Nonetheless, since reading Paul’s statement about the problem of the instrumental model, I’ve been thinking about issues that might arise with the proposed solution, even though similar approaches (i.e. the contrastive training objective) have proven effective for robustness in general (e.g. against adversarial perturbations, data limited scenarios). If I were committed to this stance, I would agree somewhat with the desire to explore alternatives, and I have thought about the extent to which some sort of reconstruction loss could be introduced; this is where the goal might instead be to “maximize agreement” with a set of non-trivial observations/facts that are guaranteed to be more “objective” (somehow) than the original training data (one inspiration being that reconstruction losses in vision deep learning papers like this one often turn out to be good regularizers). So far I haven’t had any promising proposals come to light for generative LM.

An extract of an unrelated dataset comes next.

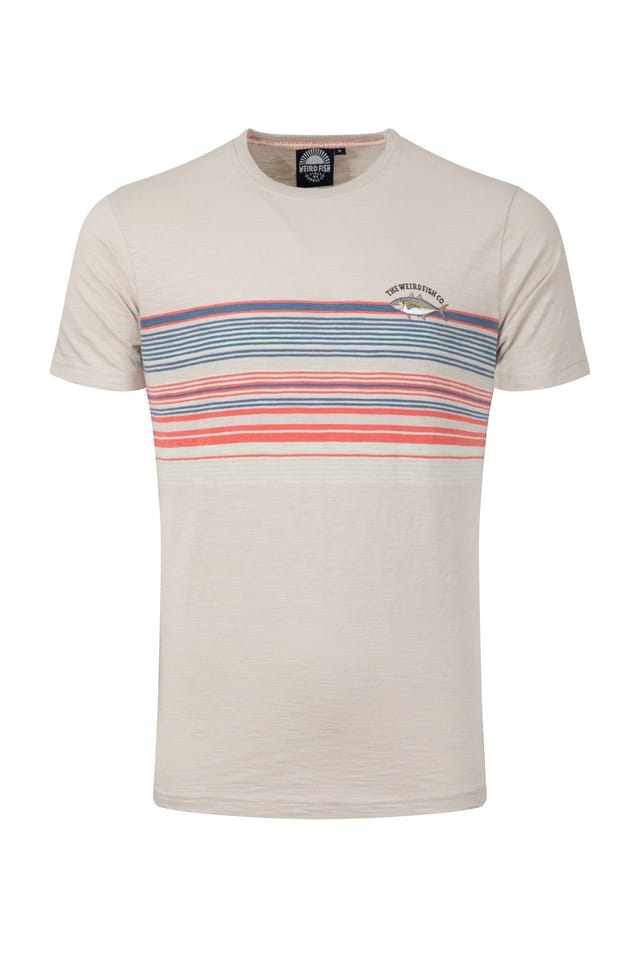 Weird Fish Weird Fish Men's Cody Printed Stripe T-Shirt in Cream - 2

I am still holding onto the thought, given the remote possibility that all of my above assumptions are correct, and also because “generative models” might reflect the ideal approach to unsupervised learning, whereas “contrastive learning” is sometimes seen as a sort of compromise since (unlike generative models) it’s amenable to limited compute [2].
I haven’t read the paper, but in contrastive learning, aren’t these solutions prevented by the negative examples?
It makes sense that negative pairs would help to a large extent, but not all contrastive papers used negative examples, like BYOL (ref). Edit: but now I’m realizing that this might no longer fit the definition of contrastive learning (instead just ordinary self supervised learning), so I apologize about the error/confusion in that case.
If memory serves, with BYOL you are using current representations of an input x1 to predict representations of a related input x2, but the representation of x2 comes from an old version of the encoder. So, as long as you start with a non-collapsed initial encoder, the fact that you are predicting a past encoder which is non-collapsed ensures that the current encoder you learn will also be non-collapsed.
(Mostly my point is that there are specific algorithmic reasons to expect that you don’t get the collapsed solutions, it isn’t just a tendency of neural nets to avoid collapsed solutions.)
No worries, I think it’s still a relevant example for thinking about “collapsed” solutions.